Hoy, en Espíritu Santo nos revela, a través de la carta a los Efesios que se lee en la Misa, que Dios nos ha elegido en su Hijo para que seamos santos y nos ha elegido “antes de la constitución del mundo. La llamada no es “improvisada”, sino que forma parte del designio eterno de Dios, pues a los que predestinó, también los llamó (Rm 8, 30). En la vocación de cada uno se ha dado esa elección divina. Primero nos ha elegido y después nos ha creado para cumplir esa llamada. La elección precede a nuestra existencia, es más, determina la razón de ser de nuestra existencia. Algo de enorme trascendencia, porque el origen de la elección y la llamada no está en ningún merecimiento por nuestra parte, sino en la bondad y el amor de Dios por cada hombre. Dios nuestro Padre antes de crearnos nos ha elegido y sólo después nos ha creado con todos los dones y cualidades necesarias para poder realizar en nuestra vida esa elección “ser santos e irreprochables ante El por el amor”. Por tanto, sólo a la luz de esta llamada y elección adquieren pleno sentido los dones que Dios nos ha dado. Sólo tiene sentido que los empleemos al servicio de esa elección y vocación. Por esto mismo, lo más humano, lo más humano, el camino de nuestra felicidad, el sentido de nuestra existencia es corresponder a esa llamada divina.

Somos capacitados y comprometidos, nos insistía San Juan Pablo II en la Exhortación “Christi fideles laici”, a manifestar la santidad de nuestro ser en la santidad de todo nuestro obrar. El apóstol Pablo no se cansa de amonestar a todos los cristianos para que vivan “como conviene a los santos” (Ef. 5, 3). De tal manera que somos inexcusables. Nadie puede decir “¡No puedo!” Y cuando lo hacemos, se debe, en gran medida a la falsa idea de que sólo vale la pena intentar aquello que tiene un éxito humano asegurado. Olvidan que la santidad no consiste en cosechar triunfos y rellenar así una brillante hoja de servicios: se trata de amar a Dios en cada instante, viendo detrás de cada acontecimiento, también de una pequeña o grande contrariedad, su mano paternal y providente. Es cuestión de fe. No podemos olvidar que no estamos solos en la lucha por vivir “como conviene a los santos”. La gracia que nos precede también nos acompaña. Jesús sigue enviando a su Iglesia con autoridad sobre los espíritus inmundos, como nos recuerda el Evangelio de la Misa, enemigos de nuestra santificación.

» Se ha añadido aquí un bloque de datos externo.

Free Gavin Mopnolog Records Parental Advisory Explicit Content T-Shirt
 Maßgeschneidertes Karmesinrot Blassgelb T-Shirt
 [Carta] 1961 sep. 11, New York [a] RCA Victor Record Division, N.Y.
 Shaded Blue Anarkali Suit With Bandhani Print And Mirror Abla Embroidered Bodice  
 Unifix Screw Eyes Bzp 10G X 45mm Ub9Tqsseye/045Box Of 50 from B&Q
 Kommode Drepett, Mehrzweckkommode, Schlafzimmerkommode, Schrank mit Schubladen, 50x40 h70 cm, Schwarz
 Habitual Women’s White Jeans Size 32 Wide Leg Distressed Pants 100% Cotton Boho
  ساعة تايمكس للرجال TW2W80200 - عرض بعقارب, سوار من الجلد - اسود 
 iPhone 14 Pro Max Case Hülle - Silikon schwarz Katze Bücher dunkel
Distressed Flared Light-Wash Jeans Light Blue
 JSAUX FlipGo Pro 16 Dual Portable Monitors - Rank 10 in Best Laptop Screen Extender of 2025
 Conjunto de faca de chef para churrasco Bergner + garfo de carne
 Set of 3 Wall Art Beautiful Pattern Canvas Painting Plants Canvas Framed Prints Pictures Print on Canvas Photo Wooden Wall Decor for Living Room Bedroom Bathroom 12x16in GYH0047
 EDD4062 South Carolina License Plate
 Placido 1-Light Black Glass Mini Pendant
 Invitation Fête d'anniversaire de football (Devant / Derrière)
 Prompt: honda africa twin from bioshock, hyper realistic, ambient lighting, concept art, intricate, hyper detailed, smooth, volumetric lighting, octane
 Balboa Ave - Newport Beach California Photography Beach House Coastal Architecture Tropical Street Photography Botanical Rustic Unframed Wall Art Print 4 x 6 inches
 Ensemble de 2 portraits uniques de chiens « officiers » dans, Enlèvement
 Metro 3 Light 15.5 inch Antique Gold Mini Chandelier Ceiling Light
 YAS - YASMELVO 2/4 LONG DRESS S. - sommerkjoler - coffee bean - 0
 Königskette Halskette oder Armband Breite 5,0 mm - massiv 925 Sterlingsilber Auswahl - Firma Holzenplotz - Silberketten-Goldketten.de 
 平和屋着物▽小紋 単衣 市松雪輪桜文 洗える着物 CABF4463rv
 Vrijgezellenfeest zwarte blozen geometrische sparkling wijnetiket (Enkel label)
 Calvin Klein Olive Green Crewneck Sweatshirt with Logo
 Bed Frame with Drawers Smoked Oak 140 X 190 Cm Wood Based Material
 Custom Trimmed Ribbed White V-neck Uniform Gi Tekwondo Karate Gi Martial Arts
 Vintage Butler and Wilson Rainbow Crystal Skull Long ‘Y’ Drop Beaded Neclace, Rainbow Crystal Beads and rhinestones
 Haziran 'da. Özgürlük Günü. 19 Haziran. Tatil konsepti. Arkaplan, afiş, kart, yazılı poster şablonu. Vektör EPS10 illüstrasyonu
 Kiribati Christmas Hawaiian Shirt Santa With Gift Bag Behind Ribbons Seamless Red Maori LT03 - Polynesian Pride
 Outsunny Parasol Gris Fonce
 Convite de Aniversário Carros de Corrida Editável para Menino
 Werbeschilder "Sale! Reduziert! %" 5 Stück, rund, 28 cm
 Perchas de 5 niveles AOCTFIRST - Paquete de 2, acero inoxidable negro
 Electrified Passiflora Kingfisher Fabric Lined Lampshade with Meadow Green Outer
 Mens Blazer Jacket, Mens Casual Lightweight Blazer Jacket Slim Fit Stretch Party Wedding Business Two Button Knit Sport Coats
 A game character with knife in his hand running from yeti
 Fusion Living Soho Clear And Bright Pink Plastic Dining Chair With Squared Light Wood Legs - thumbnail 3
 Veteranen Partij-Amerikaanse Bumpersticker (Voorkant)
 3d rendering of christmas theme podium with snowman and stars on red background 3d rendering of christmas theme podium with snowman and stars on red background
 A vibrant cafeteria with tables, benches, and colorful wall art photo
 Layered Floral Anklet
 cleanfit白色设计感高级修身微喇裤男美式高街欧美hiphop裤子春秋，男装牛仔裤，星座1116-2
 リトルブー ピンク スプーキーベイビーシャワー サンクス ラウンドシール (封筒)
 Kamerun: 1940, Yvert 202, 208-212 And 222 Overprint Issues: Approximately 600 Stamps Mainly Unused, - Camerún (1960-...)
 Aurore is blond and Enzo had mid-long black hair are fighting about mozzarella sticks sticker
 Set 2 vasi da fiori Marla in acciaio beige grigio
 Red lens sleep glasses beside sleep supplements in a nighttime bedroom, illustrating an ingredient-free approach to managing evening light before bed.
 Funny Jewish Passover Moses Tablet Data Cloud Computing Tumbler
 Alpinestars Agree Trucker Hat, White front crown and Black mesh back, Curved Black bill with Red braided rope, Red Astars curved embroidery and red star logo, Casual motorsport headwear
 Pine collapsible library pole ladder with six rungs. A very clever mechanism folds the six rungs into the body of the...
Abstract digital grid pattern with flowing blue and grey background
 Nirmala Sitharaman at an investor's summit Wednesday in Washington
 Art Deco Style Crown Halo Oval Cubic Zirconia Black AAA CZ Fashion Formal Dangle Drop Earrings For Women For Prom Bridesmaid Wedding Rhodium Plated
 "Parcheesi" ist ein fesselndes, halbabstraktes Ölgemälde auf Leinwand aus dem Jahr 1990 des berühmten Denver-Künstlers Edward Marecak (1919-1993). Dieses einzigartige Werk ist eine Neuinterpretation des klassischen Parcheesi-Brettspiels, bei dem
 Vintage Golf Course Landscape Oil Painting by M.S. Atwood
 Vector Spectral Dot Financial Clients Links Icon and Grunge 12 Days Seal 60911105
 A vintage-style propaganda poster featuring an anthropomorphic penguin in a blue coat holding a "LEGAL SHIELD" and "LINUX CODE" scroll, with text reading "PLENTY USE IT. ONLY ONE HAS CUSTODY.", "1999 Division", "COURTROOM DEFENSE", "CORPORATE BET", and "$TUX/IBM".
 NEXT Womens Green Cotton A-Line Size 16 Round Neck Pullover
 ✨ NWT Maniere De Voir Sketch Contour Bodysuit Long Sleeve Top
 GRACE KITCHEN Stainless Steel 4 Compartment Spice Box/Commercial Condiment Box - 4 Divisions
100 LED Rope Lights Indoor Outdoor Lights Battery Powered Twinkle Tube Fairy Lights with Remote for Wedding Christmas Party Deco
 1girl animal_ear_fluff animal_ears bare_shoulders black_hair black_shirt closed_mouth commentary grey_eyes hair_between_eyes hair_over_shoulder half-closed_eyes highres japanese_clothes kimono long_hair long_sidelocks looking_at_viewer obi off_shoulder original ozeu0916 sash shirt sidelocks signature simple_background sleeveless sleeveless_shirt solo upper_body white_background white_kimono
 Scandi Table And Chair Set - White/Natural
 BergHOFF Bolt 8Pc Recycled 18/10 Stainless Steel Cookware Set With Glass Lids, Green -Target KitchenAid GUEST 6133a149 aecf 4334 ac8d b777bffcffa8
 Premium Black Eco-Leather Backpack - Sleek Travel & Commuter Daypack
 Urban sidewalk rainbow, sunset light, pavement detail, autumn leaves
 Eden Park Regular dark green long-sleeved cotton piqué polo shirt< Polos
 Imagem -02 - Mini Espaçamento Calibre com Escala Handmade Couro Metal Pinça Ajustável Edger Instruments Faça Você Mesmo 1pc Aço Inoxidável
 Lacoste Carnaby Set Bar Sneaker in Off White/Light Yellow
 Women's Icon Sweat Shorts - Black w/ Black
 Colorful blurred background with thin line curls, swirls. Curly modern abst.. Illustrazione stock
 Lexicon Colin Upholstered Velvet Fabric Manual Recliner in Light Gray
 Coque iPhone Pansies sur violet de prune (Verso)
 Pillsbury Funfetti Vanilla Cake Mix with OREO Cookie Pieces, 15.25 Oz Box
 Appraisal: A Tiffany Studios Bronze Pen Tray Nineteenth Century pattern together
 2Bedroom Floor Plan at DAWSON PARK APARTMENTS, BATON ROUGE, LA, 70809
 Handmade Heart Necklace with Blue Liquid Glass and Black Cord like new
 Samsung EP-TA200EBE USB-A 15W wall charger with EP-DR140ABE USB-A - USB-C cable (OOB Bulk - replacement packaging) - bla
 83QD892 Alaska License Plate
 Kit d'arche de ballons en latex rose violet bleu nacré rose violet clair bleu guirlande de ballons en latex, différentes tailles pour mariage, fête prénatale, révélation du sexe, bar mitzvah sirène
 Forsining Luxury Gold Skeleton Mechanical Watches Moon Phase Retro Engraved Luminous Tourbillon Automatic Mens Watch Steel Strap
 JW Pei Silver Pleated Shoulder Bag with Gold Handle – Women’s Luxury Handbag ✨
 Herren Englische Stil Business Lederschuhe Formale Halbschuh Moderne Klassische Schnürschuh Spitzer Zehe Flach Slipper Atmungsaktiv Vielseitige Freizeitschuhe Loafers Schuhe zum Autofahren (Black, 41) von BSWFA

La santidad requiere nuestra colaboración, nuestra respuesta a la gracia. La historia de cada uno no está escrita de antemano. Los santos no lo han sido inexorablemente. La santidad no es algo insólito, sino lo normal en la vida de un bautizado. Dios nos concede el privilegio de colaborar con El en nuestra santificación, aunque sea muy poco lo que podamos. Ser santo es heroico … ¡pero fácil!

No debemos esperar a encontrarnos en las condiciones externas que, según nuestro parecer, serían las mejores para progresar en la santidad. Se engaña quien piensa: seré santo cuando cambien las circunstancias, la mala racha que estoy atravesando en el trabajo o en la vida familiar; o una vez que supere aquello que me agobia; o cuando esté más descansado y en plena forma física; o después de que se hayan solucionado los acuciantes problemas … Si en esos momentos no fuera posible la santidad, querría decir que sólo podrían alcanzarla las personas con buena salud, las que viven despreocupadamente, nadando en la abundancia, sin contradicciones. No es a pesar de las muchas cosas que tengo que hacer, sino a través de ellas.

Le pedimos a nuestra Madre que, como Ella, seamos generosos en nuestra respuesta al Amor de Dios que nos llama y espera.